▶ [Task]:
The reply is to be the lines from the one with "کتانی آدیداس پرو" through the last line of the records below, each retyped exactly, with pictures left out.

(Web page caption snippets)
<<<<

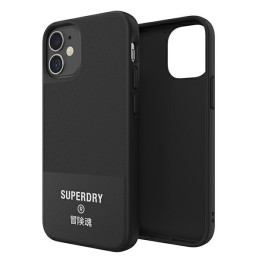 SuperDry Molded Canvas dėklas iPhone 12 mini - juodas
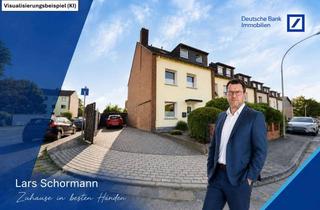 Haus kaufen in 41372 Niederkrüchten, NIEDERKRÜCHTEN-ELMPT: Modernisiertes Reihenendhaus mit Garten & Stellplatz – ideal für Familien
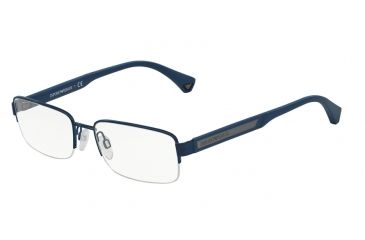 Image of Armani EA1029 Bifocal Prescription Eyeglasses 3076-54 - Matte Blue Frame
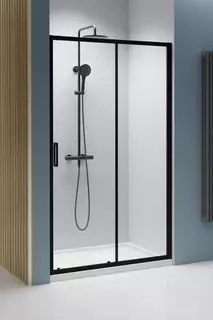 Душевая дверь Radaway Premium Pro Black DWJ 150R 1014150-54-01R профиль черный матовый, стекло прозрачное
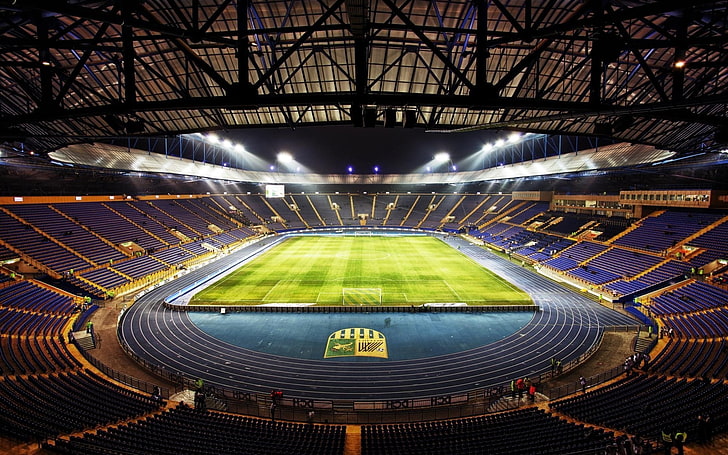 stade de football, kharkov, stade euro 2012, stade de métaliste kharkiv, métalleux, Fond d'écran HD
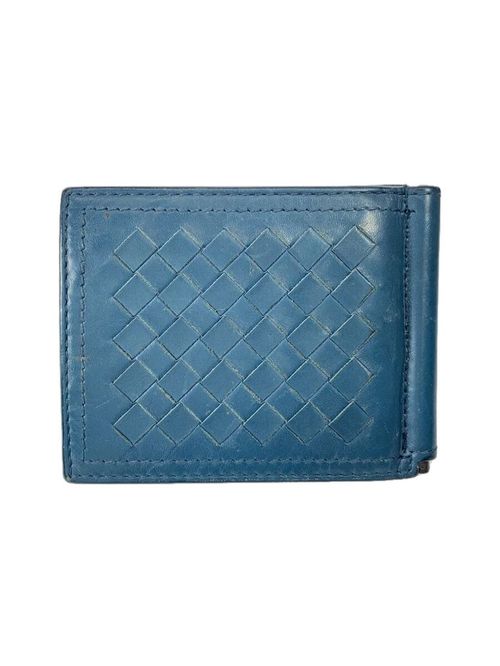 BOTTEGA VENETA 折り財布 2つ折り財布 レザー NVY 無地 メンズ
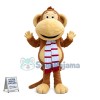 Adult Cartoon Big Mouth Monkey Mascot Costume 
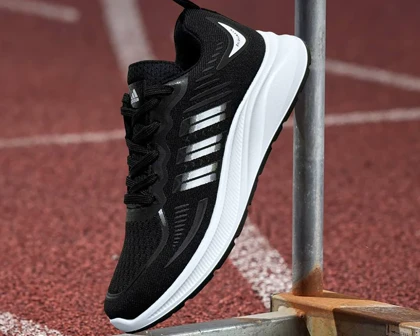 کتانی آدیداس پرو مشکی-سفید سایز زنانه و مردانه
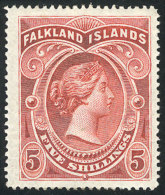 Sc.21, 1898 Victoria 5S., Mint, VF Quality, Catalog Value US$260 - Falklandeilanden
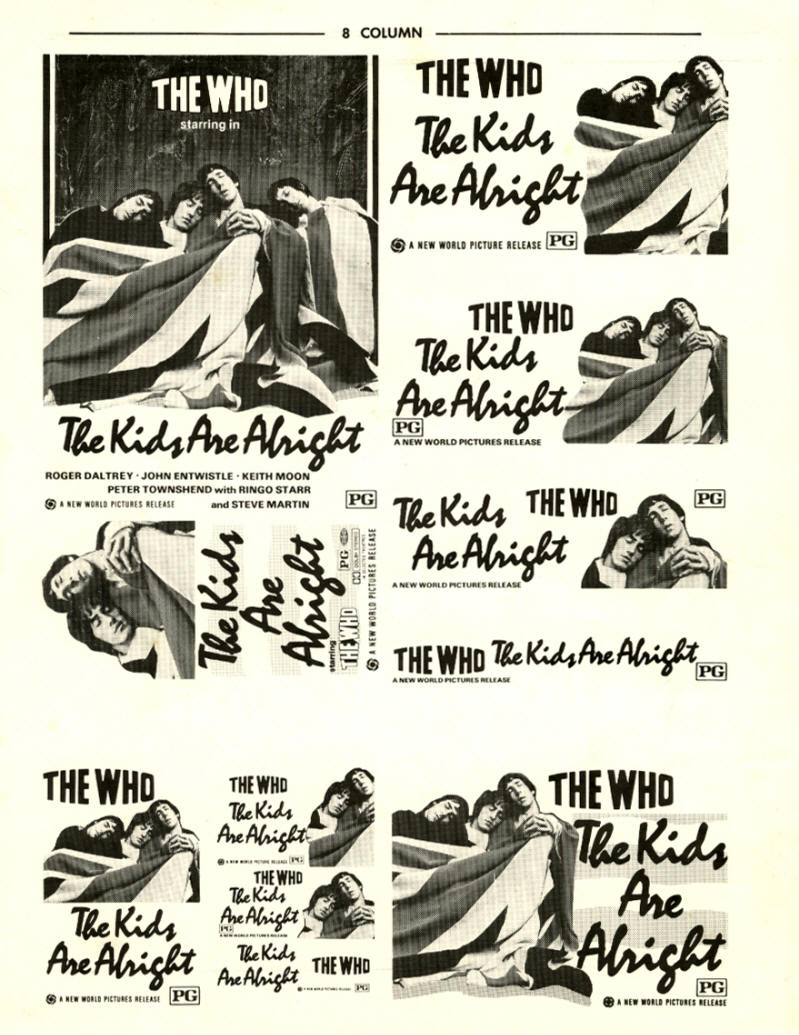 The Who - USA - 1979 The Kids Are Alright Newspaper Ad Slick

>>>>

▶ [Solution]:
 کتانی آدیداس پرو مشکی-سفید سایز زنانه و مردانه
 Sc.21, 1898 Victoria 5S., Mint, VF Quality, Catalog Value US$260 - Falklandeilanden
 The Who - USA - 1979 The Kids Are Alright Newspaper Ad Slick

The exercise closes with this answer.